# How long till I can feed off my roach colony?



## adw (Aug 30, 2009)

I have invested in some dubia roaches to start my own colony and am happy with there care etc, but was wondering how long it will take till I can start feeding from it? Iv heard between 3 and 6 months depending on how many you start with. I currently have around 100+ adult females around 30-40 adult males, 200 large and around 100 mediums and probably around 100 smalls as well.
I'd be hoping to feed a male veiled chameleon, 3 young Ackies, a leopard gecko and a couple of crestie's oh and a few inverts. Was hoping to be using these in 3 months not 6 so was wondering if I have enough to do that yet and if not how many more would I need?

Many thanks,

Adam


----------



## madavies65 (Jan 21, 2009)

well it all depends on how many dubia roaches your pets eat during the day.

A growing beardie eats 50 small a day so you need a thriving colony to just feed one little reptile - around 100 -200 females breeding with several hundred juvenile being raised to replace them.

The more pets you have, the more you need to sustain a constant supply of food. 

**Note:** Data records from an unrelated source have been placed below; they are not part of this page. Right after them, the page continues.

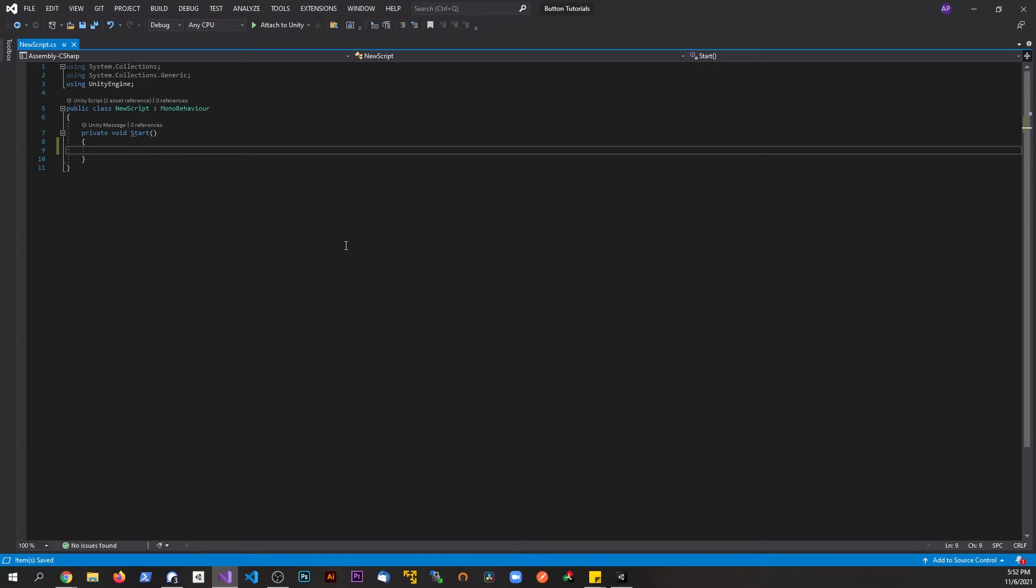This might be useful if you're trying to spawn something right in the middle of the screen, maybe some type of UI element, or maybe you want to do something with the player's screen, maybe have different perspectives based on the screen size or stuff like that.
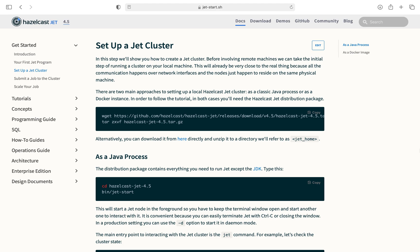We can use either a Java process or a Docker instance for this. I'll go through both, starting with Java. To download the package, you can paste and run the following code on your command line if you're on Linux. Otherwise, you can download it manually by clicking here.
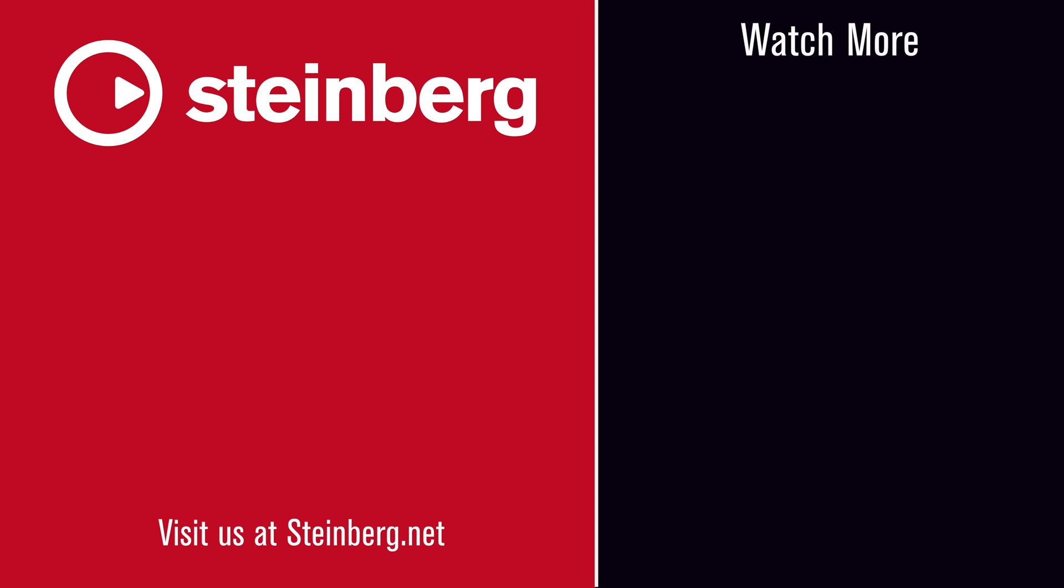We hope you enjoyed this video and thanks for watching. Spectral Layers Pro 7 delivers audio empowerment. If you found this video helpful, please hit the like button and subscribe to the Steinberg channel.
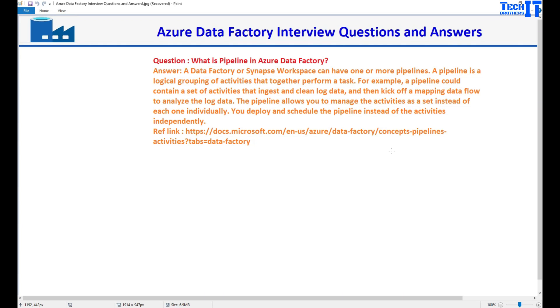Welcome to TechPresor's Adhamir. In this video, we are going to answer this Azure Data Factory interview question: What is pipeline in Azure Data Factory?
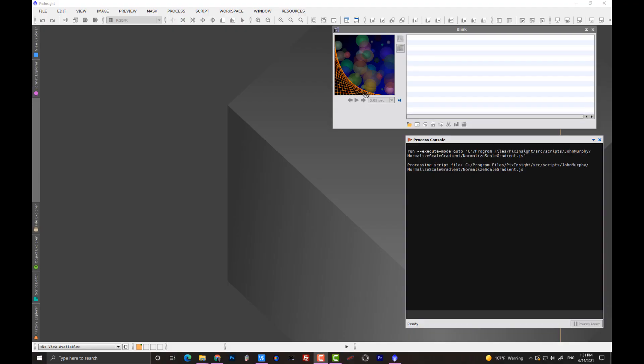Okay, so first of all, the way that the normalized scale gradient script works is this is part of image integration, or at least this calculation is built into image integration, but we're going to be doing it through this script. We need what is normally input for image integration. We need calibrated images that are already registered. So that is the point of your processing workflow that you're going to be using this script.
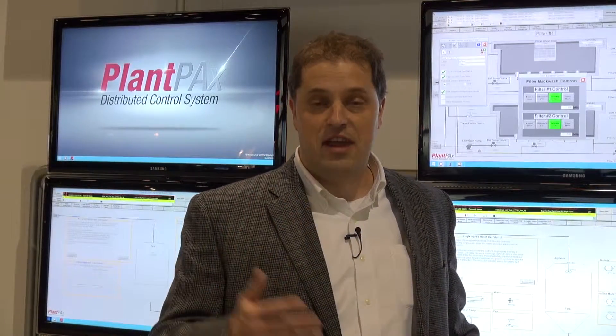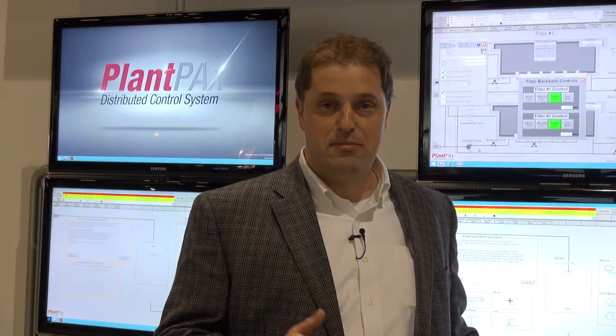It's open, information-enabled, and secure with our embracing of the standard IT networks and the converged plant-wide Ethernet. It is also supported by Rockwell Automation's ecosystem of distributors, partners, and our own engineering resources.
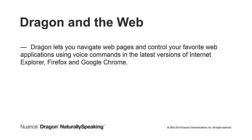Dragon lets you navigate web pages and control your favorite web applications using voice commands in the latest versions of Internet Explorer, Firefox, and Google Chrome.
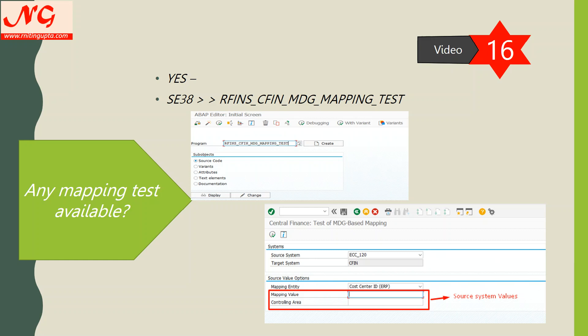This is a standard program — you don't need to do anything custom. If you have access in SE38, you run the program directly. If you don't have access, you can get a transaction created — it's about a 10-minute job. Even a functional consultant can create a transaction for this program and you can go ahead.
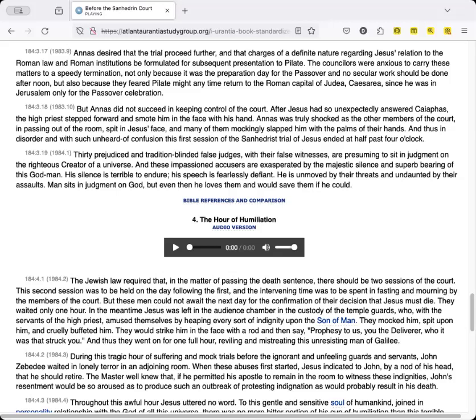Thirty prejudiced and tradition-blinded false judges, with their false witnesses, are presuming to sit in judgment on the righteous Creator of a universe. And these impassioned accusers are exasperated by the majestic silence and superb bearing of this God-man. His silence is terrible to endure, his speech is fearlessly defiant. He is unmoved by their threats and undaunted by their assaults. Man sits in judgment on God, but even then he loves them and would save them if he could.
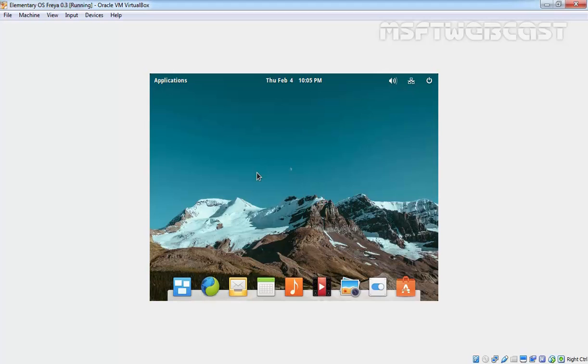Hello friends, welcome to Amazapty webcast. In this video demonstration, we are going to see how we can install Oracle VM VirtualBox Guest Additions tool in elementary OS Freya 0.3.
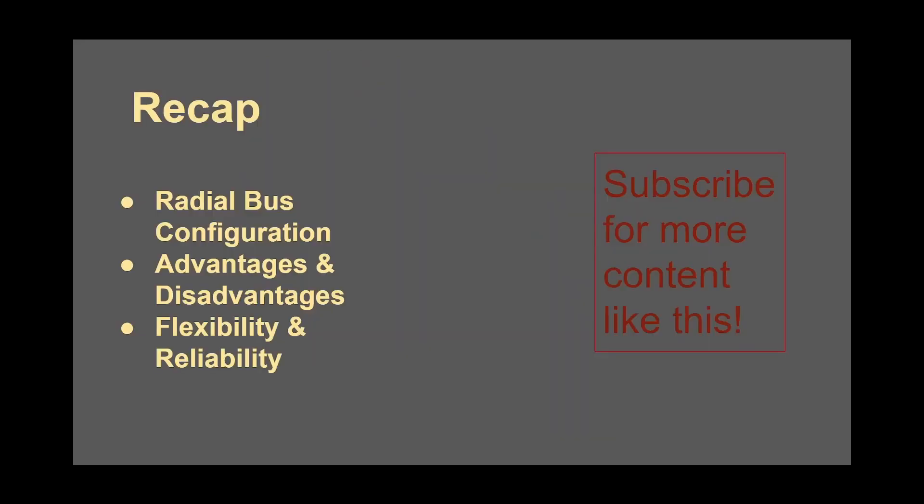Alright, friends, we just talked about the radial bus configuration, the advantages, disadvantages, reliability, and flexibility of this configuration. Subscribe to be notified on my next video talking about what a ring bus configuration is. In the meantime, check out this video where I talk about my experiences in my first couple of years as an electrical engineer. Like and subscribe. Thanks for watching.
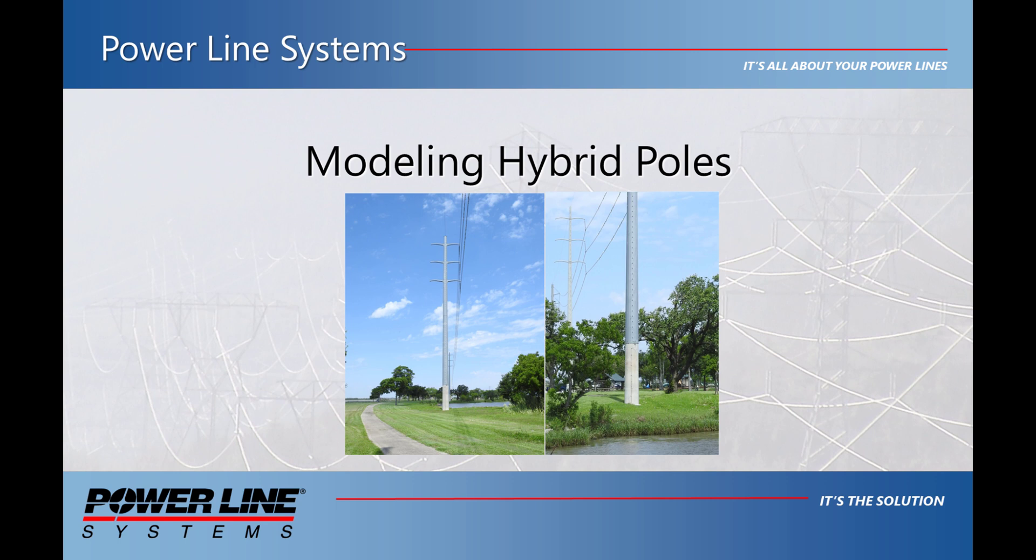Hello and welcome to a Powerline Systems video on modeling a hybrid pole in PLS pole. PLS pole has the ability to model a pole consisting of multiple materials, but there are extra steps that need to be taken to ensure that the pole is modeled correctly.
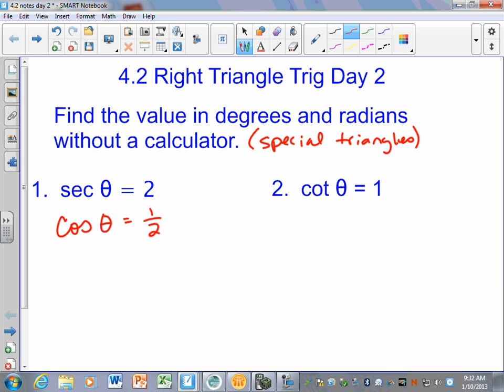If it says do without a calculator, it has to be one of those special angles, which means without a calculator you've got a 1-in-3 shot of guessing correctly — it's either going to be the 30-60-90 triangle or it's going to be the 45-45-90. Which triangle had a side of 1 and a hypotenuse of 2? Was it the 30-60-90 or the 45-45-90? The 30-60-90 is correct.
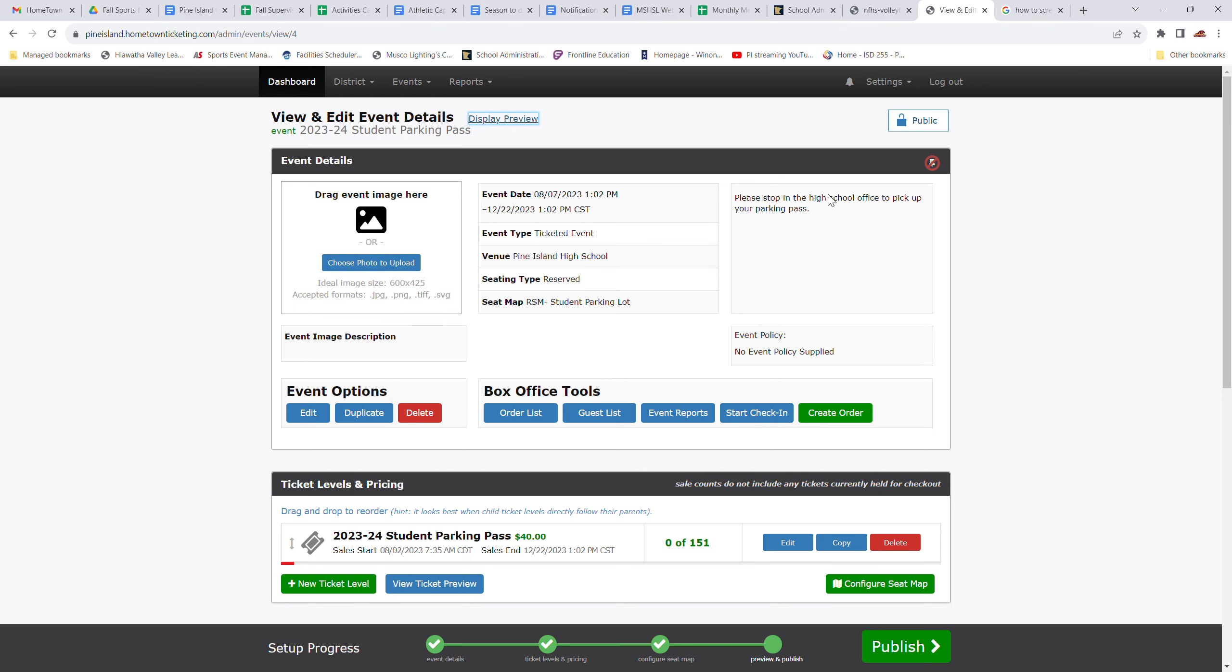Hello, everyone. My name is Brian Mankin. I am the Activities Director here at Pine Island High School and I'm just going to walk you through how to use the new Hometown Ticketing option for a number of different things.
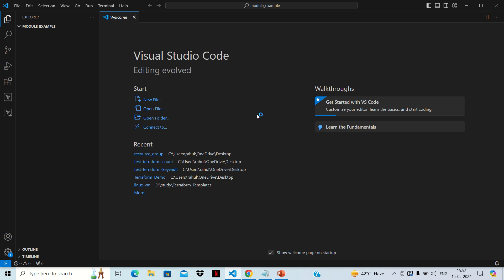Hello friends, welcome back to my channel. I hope all of you are doing well. In today's video, we'll see how we can create modules in Terraform. This is one of the most important topics of Terraform and whenever you work in projects, this modular approach is needed in order to create Terraform code. So let's start.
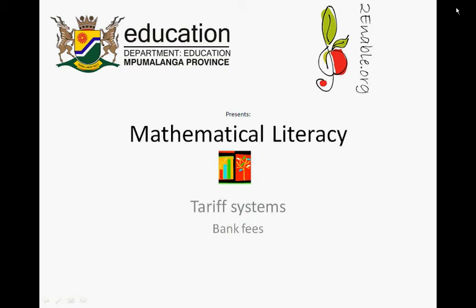Twinable.org presents Mathematical Literacy: Tariff Systems — Bank Fees.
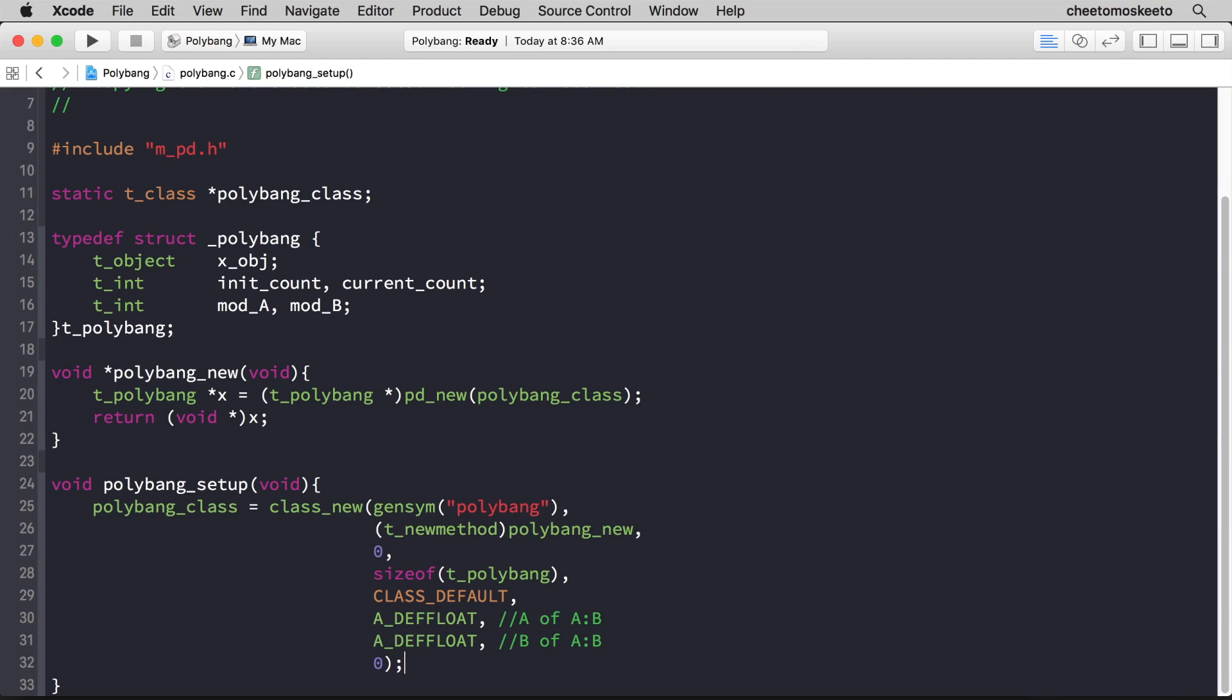Now you might be asking yourself, how do we pass the creation arguments into the initializer? We'll take a look at how to do that next.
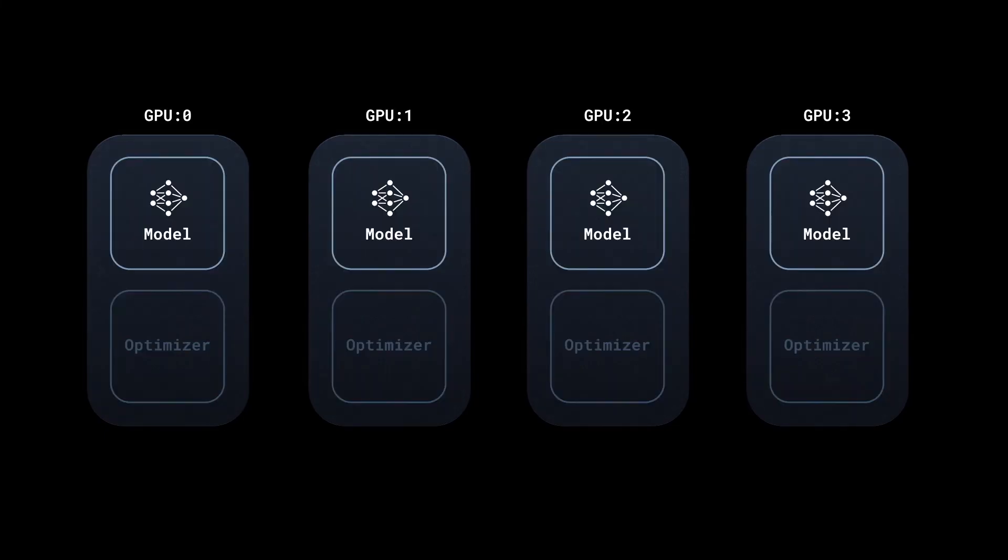When we started, the replicas across all processes were identical, and now at the end, they continue to remain in sync.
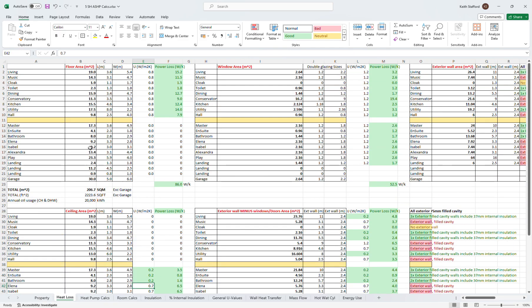The first thing I did was I measured every room — every floor, every wall, window and ceiling. I then attributed U values to the various elements of the construction and calculated the heat losses to the outside world. I ignored heat losses to adjacent rooms or from ground floor to first floor, simply because it's not a loss to the property, it's simply a loss from the room.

Vague answer I know but you start to get a feel of how your colony is doing as your progress.

mart


----------



## Repidge (Jun 17, 2010)

its hard to say but looking at how many reptiles you need to feed i wouldnt be suprised if you need in excess of a 1000 or so. i suppose you could test it out and if your colony begins to dwindle then just buy some more or the way i did it was to waite as long as i could for my colony to grow so i ddnt have to buy any more. i just feed off the adult males now so that my colony is always growing.:2thumb:


----------